Chapter 6: Application of Derivatives - Board Exam Notes

Exam Weightage & Blueprint

Total: ~16 Marks

Application of Derivatives is one of the most scoring chapters with direct formula-based questions. Master the working rules for guaranteed marks!

Question Type	Marks	Frequency	Focus Topic
MCQ	1	Very High	Rate of change, Increasing/Decreasing intervals
Short Answer (2M)	2	High	Tangent/Normal equations, Simple maxima/minima
Short Answer (3M)	3	Very High	Increasing/Decreasing functions, Local maxima/minima
Long Answer (5M)	5	Very High	Word problems, Optimization, Absolute maxima/minima

⏰ Last 24-Hour Checklist

Rate of Change

Basic: $\frac{dy}{dx}$ = rate of change of $y$ w.r.t. $x$
Chain Rule: $\frac{dy}{dx} = \frac{dy}{dt} \cdot \frac{dt}{dx}$
Volume/Area formulas for sphere, cone, cylinder
Marginal cost = $\frac{dC}{dx}$, Marginal revenue = $\frac{dR}{dx}$

Increasing/Decreasing

Increasing: $f'(x) > 0$
Decreasing: $f'(x) < 0$
Find critical points: $f'(x) = 0$
Test intervals on number line

Maxima/Minima Tests

1st Derivative Test: Sign change of $f'(x)$
2nd Derivative Test: $f'(c) = 0$ and check $f''(c)$
$f''(c) < 0$ → Local maxima
$f''(c) > 0$ → Local minima

Absolute Max/Min

Find all critical points in $[a,b]$
Evaluate $f$ at critical points
Evaluate $f$ at end points $a$ and $b$
Compare values to find max/min

Rate of Change of Quantities ⭐⭐⭐⭐⭐

Core Concept: The derivative $\frac{dy}{dx}$ represents the rate of change of $y$ with respect to $x$.

If $y = f(x)$, then $\frac{dy}{dx}\bigg|_{x=x_0}$ represents the instantaneous rate of change of $y$ at $x = x_0$.

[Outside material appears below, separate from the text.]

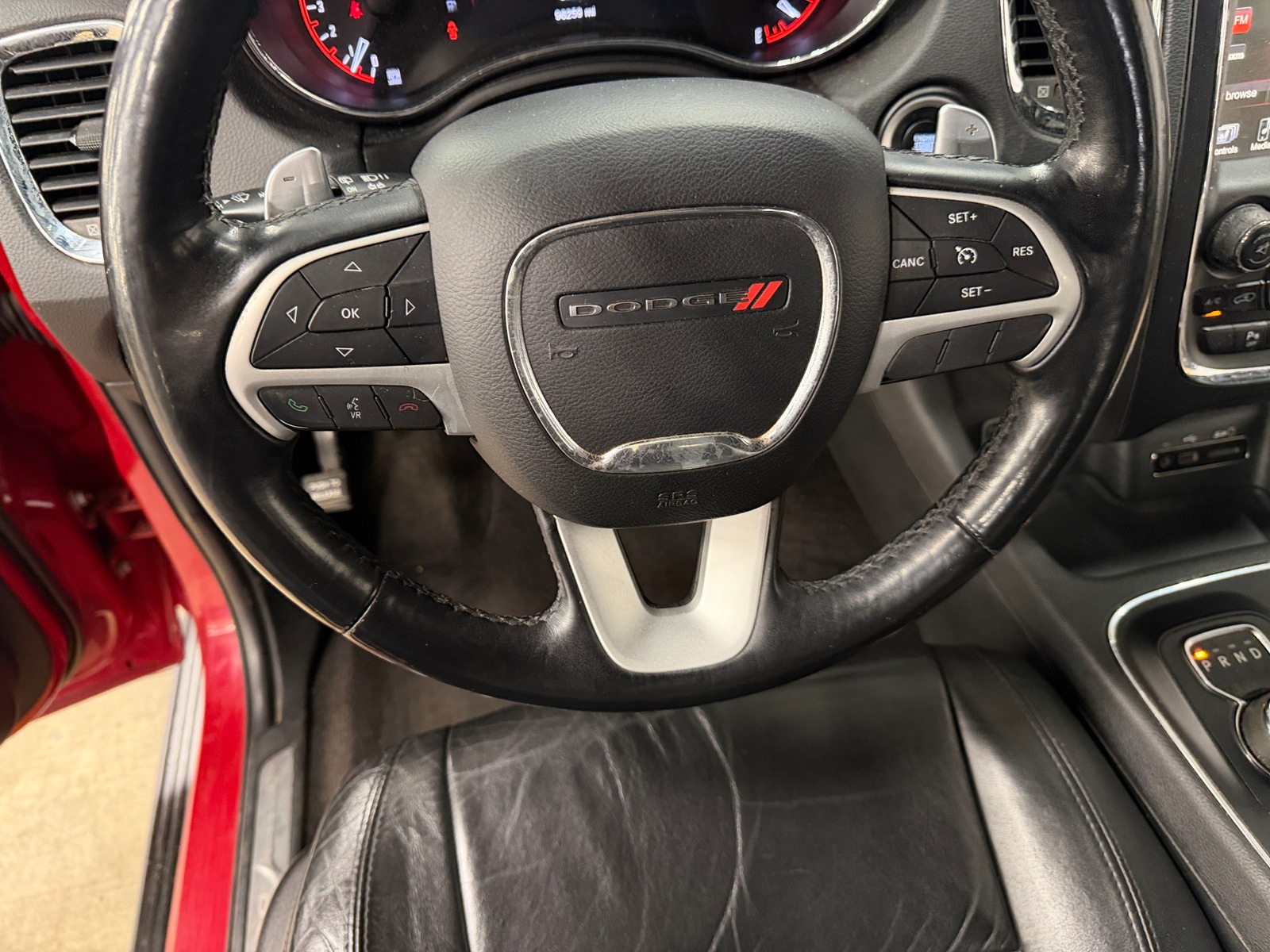 Thumbnail: 2017 Dodge Durango - 4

Chain Rule for Related Rates

If $x$ and $y$ both vary with time $t$, then: $$\frac{dy}{dx} = \frac{dy/dt}{dx/dt}, \text{ provided } \frac{dx}{dt} \neq 0$$

Important Formulas (Must Remember!) 📝

Circle

• Area: $A = \pi r^2$

• Circumference: $C = 2\pi r$

• $\frac{dA}{dr} = 2\pi r$

Sphere

• Volume: $V = \frac{4}{3}\pi r^3$

• Surface Area: $S = 4\pi r^2$

• $\frac{dV}{dr} = 4\pi r^2$

Cube

• Volume: $V = x^3$

• Surface Area: $S = 6x^2$

• $\frac{dV}{dx} = 3x^2$

Cone

• Volume: $V = \frac{1}{3}\pi r^2 h$

• Curved Surface: $S = \pi r l$

• $l = \sqrt{r^2 + h^2}$

Common Applications

Economics Terms:
• Marginal Cost: $MC = \frac{dC}{dx}$ (rate of change of total cost)
• Marginal Revenue: $MR = \frac{dR}{dx}$ (rate of change of total revenue)
• Marginal Profit: $MP = MR - MC$

Pro Tip: Always identify what is given (rate) and what is asked (rate). Use chain rule to connect them through intermediate variables.

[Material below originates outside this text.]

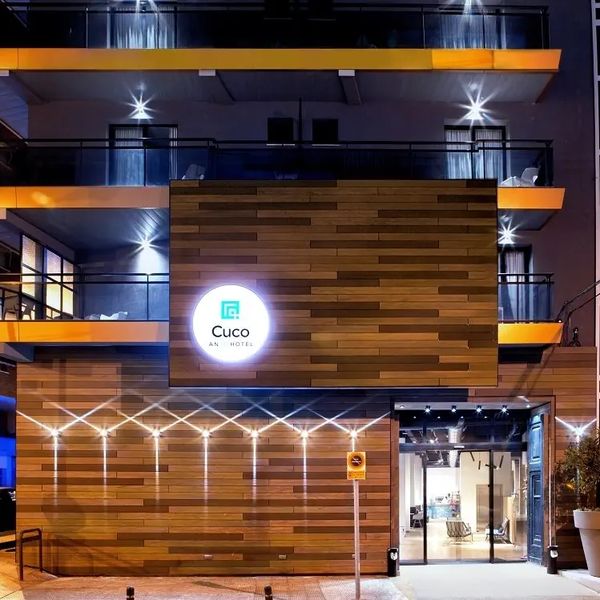 Cuco — Benidorm, Hiszpania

Increasing & Decreasing Functions 🔥🔥🔥

Definitions: Let $I$ be an interval in the domain of $f$. Then:

$f$ is increasing on $I$ if $x_1 < x_2$ in $I \Rightarrow f(x_1) \leq f(x_2)$
$f$ is decreasing on $I$ if $x_1 < x_2$ in $I \Rightarrow f(x_1) \geq f(x_2)$
$f$ is strictly increasing if $x_1 < x_2 \Rightarrow f(x_1) < f(x_2)$
$f$ is strictly decreasing if $x_1 < x_2 \Rightarrow f(x_1) > f(x_2)$

First Derivative Test for Monotonicity

Let $f$ be continuous on $[a,b]$ and differentiable on $(a,b)$. Then:
• $f$ is increasing on $[a,b]$ if $f'(x) \geq 0$ for all $x \in (a,b)$
• $f$ is decreasing on $[a,b]$ if $f'(x) \leq 0$ for all $x \in (a,b)$
• $f$ is constant on $[a,b]$ if $f'(x) = 0$ for all $x \in (a,b)$

Step-by-Step Working Rule

Step 1: Find $f'(x)$

Step 2: Solve $f'(x) = 0$ to find critical points

Step 3: Plot critical points on number line to divide into intervals

Step 4: Check sign of $f'(x)$ in each interval (pick test points)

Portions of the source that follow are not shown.